China-U.S. relations. /VCG Photo

China-U.S. relations. /VCG Photo

The U.S. government's endorsement of the Taiwan Travel Act (TTA) into law on March 16, 2018, U.S. arms sales to Taiwan, the Reciprocal Access to Tibet Act on December 12, 2018, slapping steep tariffs on some Chinese imports into America, severe punishment to Chinese company ZTE, the arrest of Huawei CFO Meng Wanzhou in Canada, the ban on Huawei, activities by U.S. aircraft and ships in the South China Sea – all these indicate that the president is playing the part of "Brutus" as his actions significantly differ from his words given during his first diplomatic encounter with President Xi at Mar-a-Lago in Florida in April 2017 and his first state visit to China in November 2017.

The White House has also been critical of China, especially its policy on the DPRK. It blames China for failing to mediate and persuade "belligerent" Pyongyang to change course in developing a nuclear-armed ballistic missile capable of attacking the U.S. mainland.

In September 2017, the U.S. president called DPRK Chairman Kim Jong Un a "Rocket Man." And then taking a U-turn, two summits with Chairman Kim, one in Singapore last year and the other in Hanoi, Vietnam, in February this year, were held.

Now it seems the U.S. sees nothing wrong with Kim’s actions of testing missiles.
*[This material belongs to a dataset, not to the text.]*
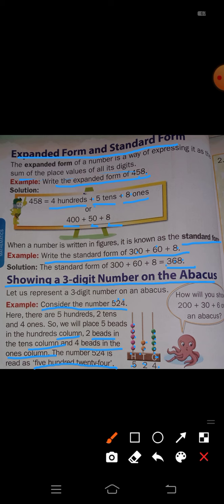Understood — how to show 3-digit numbers on an abacus. Till today I will stop here only, and the remaining part I will continue in the next class. Bye, take care.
On June 11, the U.S. president told White House reporters he had received a "beautiful letter" from Kim and praised that the "DPRK has tremendous potential" under Kim's leadership.

U.S. President Donald Trump (R) and DPRK leader Kim Jong Un have dinner at the Sofitel Legend Metropole hotel in Hanoi, February 27, 2019. /VCG Photo

U.S. President Donald Trump (R) and DPRK leader Kim Jong Un have dinner at the Sofitel Legend Metropole hotel in Hanoi, February 27, 2019. /VCG Photo

The "America First" doctrine is possibly a cause for greater worry for India also. India must not take its special status with the U.S. for granted since the U.S. president is not a traditional interlocutor.

It's worth noting, breaking the protocol, Trump revealed the contents of a telephonic conversation with Prime Minister Narendra Modi in February last year and said publicly that Modi had called him to say India was lowering the tariffs on Harley Davidson bikes which further soured the relationship.

Despite Modi's bear-hug of the U.S. president, the White House has called India a "tariff king" and a "freeloader" that piggybacks on other economies. As such, the Modi 2.0 government should refrain from embracing Trump's new South Asia policy since the U.S. has abandoned multilateralism and opposed free trade breaching the global trade system.

It is already clear that America's "first contradiction-in-chief" risks decreasing his country's global influence, rather than fulfilling his ultimate ambition to "Make America Great Again." Actually, he seems to make the U.S. decline more, uniting the countries together to oppose him and his protectionist policies.